Gli mostro il foglio trasparente con il rigo pallido di un confine ignoto 
che  ho  segnato  senza  nemmeno  sapere  cosa  rappresenti.  La  parola 
ultima l’avevo cancellata.
“Benfatto!” Ripete. “Ottimo! Continua così. Ti nominerò all’accademia 
di planetoica cosmica perché ho sempre creduto in te.” 
Non gli dico che è la prima volta che ci vediamo. Continuo a osservare 
la  pianura  che  lentamente  è  inondata  dall’ombra  del  crepuscolo.  La 
falange sembra stia urlando sempre più forte: cosa, non capisco.
“Allora  parto”,  mi  ha  detto  all’improvviso  Gy&x.  “Parto  per  andare 
lontano anni.”
“Va bene”, gli ho risposto impaziente che se ne vada.
“Anni”, ripete ossessivo.
“Anni luce come mi hai insegnato”, gli ricordo mentre lui è già svanito, 
per sempre.
Poco prima che partisse lo aveva vinto ancora uno stato confusionario. 

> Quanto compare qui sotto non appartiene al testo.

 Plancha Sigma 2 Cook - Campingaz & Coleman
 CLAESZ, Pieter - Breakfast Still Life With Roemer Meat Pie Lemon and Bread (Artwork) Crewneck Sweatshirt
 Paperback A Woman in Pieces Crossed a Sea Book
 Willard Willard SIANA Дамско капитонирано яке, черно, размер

Chiedeva  al  vuoto  dove  lui  si  trovasse  e  poi  mi  guardava  come  se 
parlasse davanti allo specchio. 
Mi  sono  chiesto  cosa  Gy&x  rappresenti  per  me:  un  comandante,  un 
maestro,  un  genitore,  un  corruttore,  uno  sconosciuto,  un  folle? 

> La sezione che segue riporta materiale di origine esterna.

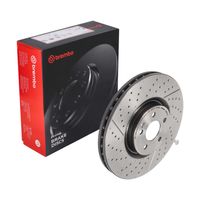 Brembo Bremsscheibe "COATED DISC LINE", Art.-Nr. 09.B913.11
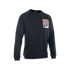 Duotone Sweater Team men 2023-Duotone Kiteboarding-L-Black-44232-5210-9010583107004-Surf-store.com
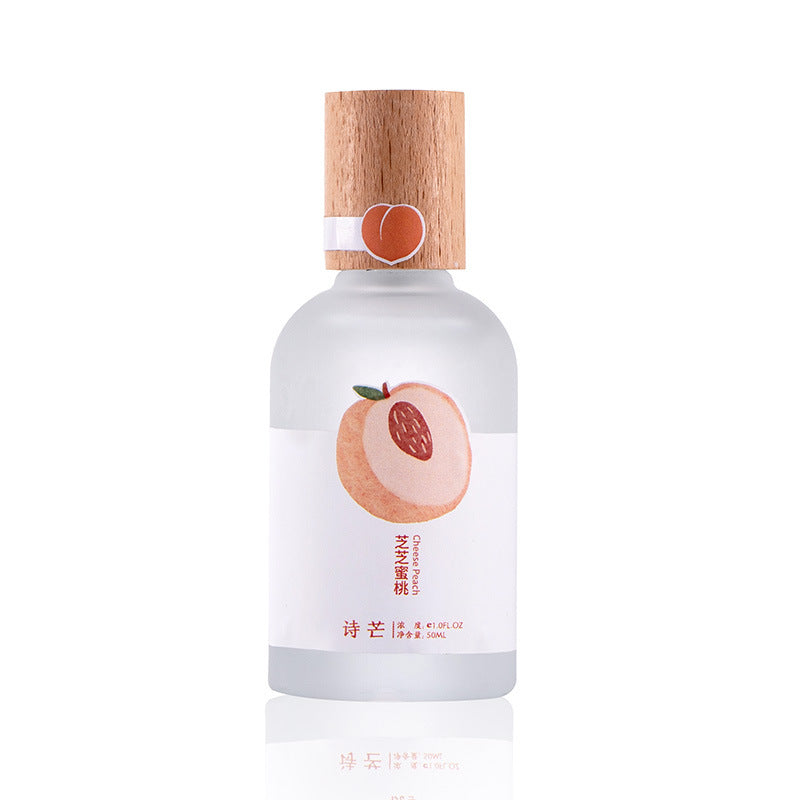 Perfume is long-lasting and authentic. Poetry Light Fragrance Floral and Fruity Fragrance. Student Douyin Popular Vietnamese Women's Perfume Wholesale 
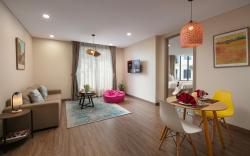 HB Serviced Apartment - Lac Long Quan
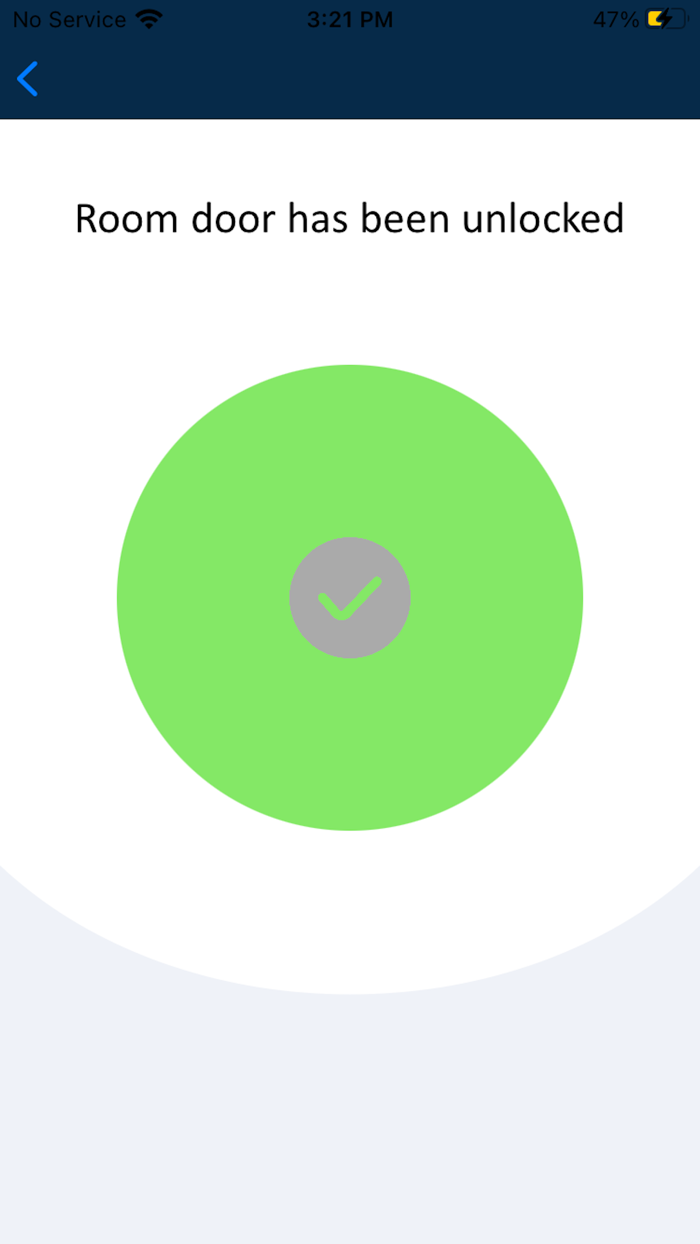 IHCL I-ZEST Mobile Door Key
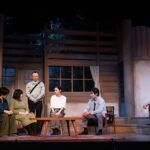 Anne Nakamura Instagram - 舞台 『 笑ってもいい家 』 折り返し、ここから後半戦です🌱 本日LIVE配信もございます。 #笑ってもいい家 劇団俳優座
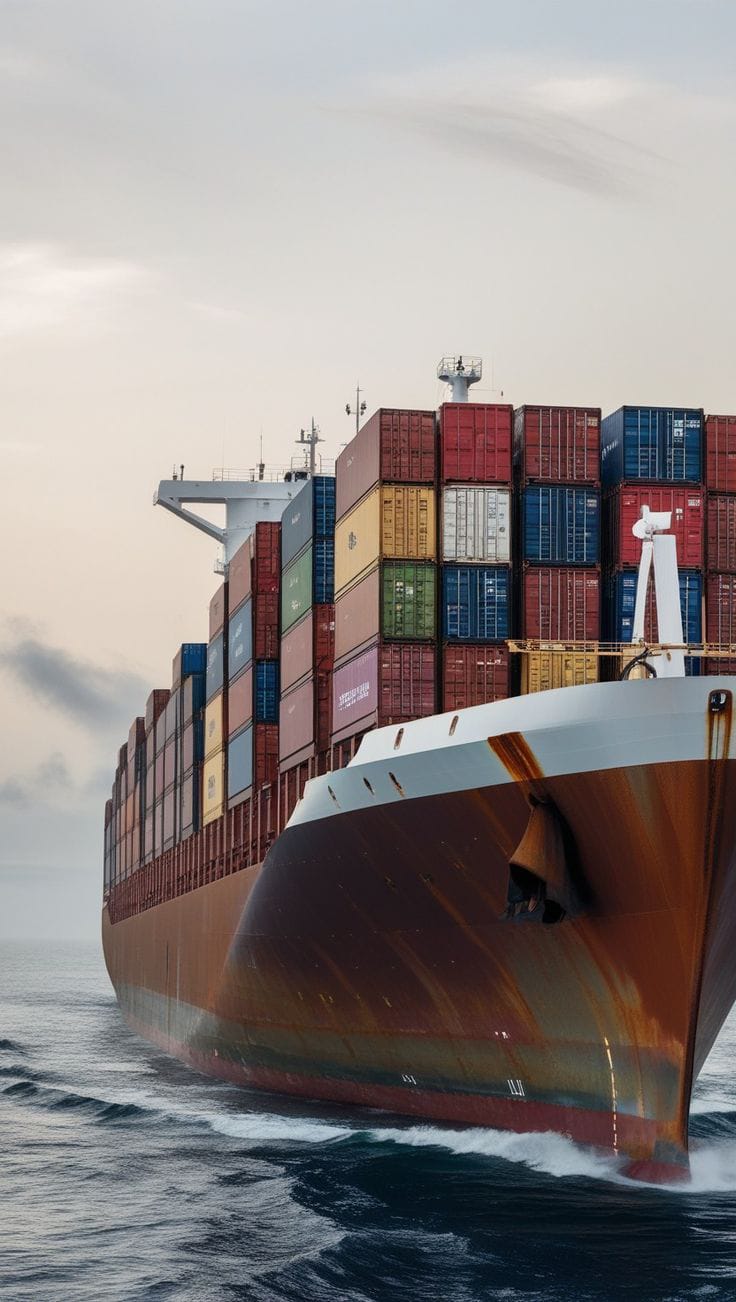 Ocean Freight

Addirittura una mia proiezione, forse soltanto un miraggio?
Ci  ha  tenuto  a  sottolineare  che  prima  o  poi  sarebbero  tornati  dei 
resistenti  di  quella  specie:  “pochi  disperati  che  non  si  riconoscono  in 
nessuna falange”.
“Devi  solo  aver  pazienza”,  ha  detto  con  un  tono  così  sottile  che  ho 
faticato a capire subito, come non capisco chi verrà dopo la fine.

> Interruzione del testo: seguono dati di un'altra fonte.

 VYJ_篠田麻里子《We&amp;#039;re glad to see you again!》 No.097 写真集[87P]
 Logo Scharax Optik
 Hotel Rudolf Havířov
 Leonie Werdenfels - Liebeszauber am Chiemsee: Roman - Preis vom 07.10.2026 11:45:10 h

Sono giunte le tenebre. Nessun astro le ha punteggiate. 
Urla mai sentite. Disarmonici cori straziati da disperazioni remote.
È  sembrato  un  tempo  infinito  che  si  contorceva  insieme  a  tutti  gli 
incubi  di  veglia  atroce  che  accompagnava  quella  macabra  orchestra 
armata. 
All’alba  ne  sento  ancora  la  eco,  ma  della  falange  non  è  rimasto  più 
niente.
E dei resistenti nemmeno l’ombra. 
È solo silenzio rotto da vento e solitudine. Il mondo è disarmato.
In attesa di un segnale che ancora non appare. 
Anche il tempo se n’è andato. E io resto solo, dopo la fine.